Erdogan las considera fuerzas terroristas, afines al Partido de los trabajadores de Kurdistán, que lleva varios decenios de sangrienta lucha por la independencia kurda. Aquí es donde empieza a fallar la antigua y sólida relación entre EE.UU. y Turquía, ambos importantes socios de la OTAN, porque Washington había previsto servirse de las citadas Unidades de protección kurdas para cubrir la frontera siria con Turquía e impedir que allí se volviesen a asentar grupos residuales del EI o incluso de Al Qaeda.
El plan estadounidense no carecía de lógica. El desmantelamiento del EI ha dejado libres -y sin su fuente habitual de ingresos- a muchos combatientes endurecidos en la guerra, que podrían reconstruir nuevas milicias. Por eso, prefiere que sean fuerzas locales, en este caso kurdas, las que establezcan una zona segura entre Siria y Turquía.
Complica aún más la cuestión el hecho de que el Gobierno turco no tuvo en cuenta a la OTAN para explicar sus pretensiones de seguridad nacional, sino que acudió a Moscú para obtener allí la luz verde que le permitiera atacar a los kurdos de Afrin.

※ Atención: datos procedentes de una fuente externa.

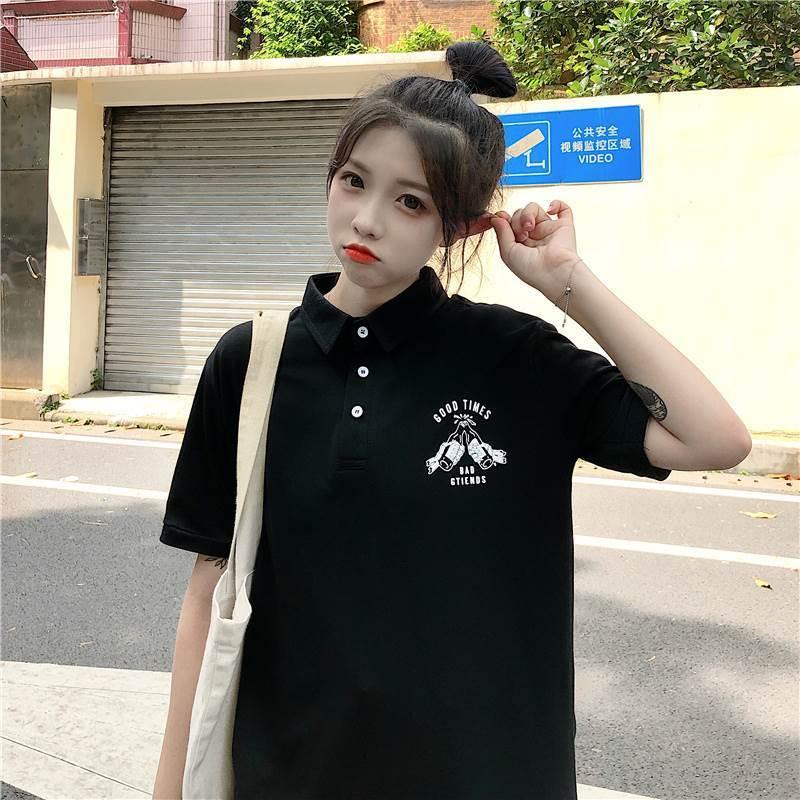 福袋セール ポロシャツ 海外 トレンド アイテム 続々入荷 2色 ポロシャツ ポロt 半袖 レディース 白 トップス 春 夏 ホワイト ブラック プリント ロゴ バックプリント イラスト モノトーン かわいい 大人可愛い シンプル Ism Com Ge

Todo parece indicar que Erdogan, el nuevo sultán otomano del siglo XXI, pretende reforzar su presencia imperial en Oriente Próximo, para lo que necesita desplazar a su aliado otánico, EE.UU., y abrirse a otros espacios, como ya lo ha hecho estableciendo bases en Catar y Somalia, y mostrando su repulsa ante la decisión de Trump de aceptar a Jerusalén como capital israelí.

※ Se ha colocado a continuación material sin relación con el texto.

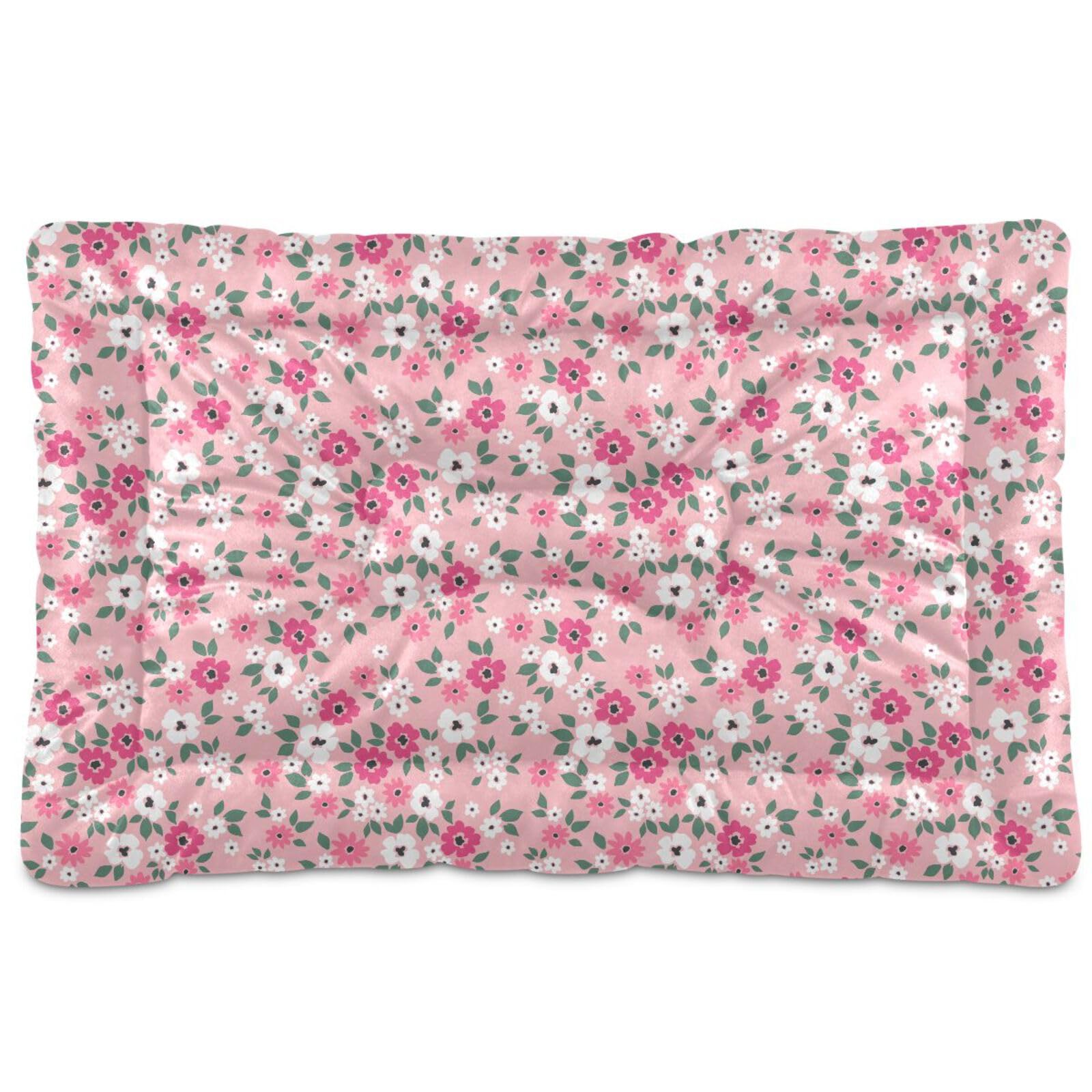 Coikll Pink Floral Pet Bed Pad Soft Dog Bed Mat With Anti-Slip Bottom, Machine Washable Crate Pad Mattress For Dog Sleeping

Se puede decir que Turquía y EE.UU. se han enfrentado militarmente entre sí por intermedio del pueblo kurdo. Si a esto se suma que, para EE.UU., Irán y Rusia siguen siendo Estados peligrosos a los que conviene vigilar y contener, la posición de Turquía en el nuevo Oriente Medio que se reconfigure tras la derrota definitiva del EI y el fin de la guerra civil siria va a dar mucho que hablar todavía.

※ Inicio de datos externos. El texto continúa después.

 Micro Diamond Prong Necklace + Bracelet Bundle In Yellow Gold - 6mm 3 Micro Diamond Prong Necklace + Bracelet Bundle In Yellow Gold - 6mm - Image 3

En el fondo parece subyacer una vieja cuestión que afecta a la propia esencia de la OTAN. Es la misma idea que en 1966 llevó a De Gaulle a abandonar la estructura militar de la Alianza, para desembarazarse de la presión de su poderoso aliado de ultramar, la que hoy parece preocupar también en Ankara: ¿Es la OTAN un instrumento que, en último término, siempre estará al servicio de la política exterior de EE.UU. sobre la de los demás socios?
Conjugar sus inocultables ambiciones regionales y su pertenencia a la Alianza Atlántica puede poner a Turquía en una difícil e incierta situación, de la que se podrán aprovechar, entre otros, Rusia, Irán o Arabia Saudí, complicando todavía más el ya enrevesado mapa del Oriente Medio.
Una vez más, la Historia muestra que las repercusiones de los actos llevados a efecto con objetivos temporales limitados (tratados de paz tras la 1ª G.M., implantación del Estado israelí, invasión occidental de Irak, etc.) pueden producir efectos imprevistos muchos decenios después.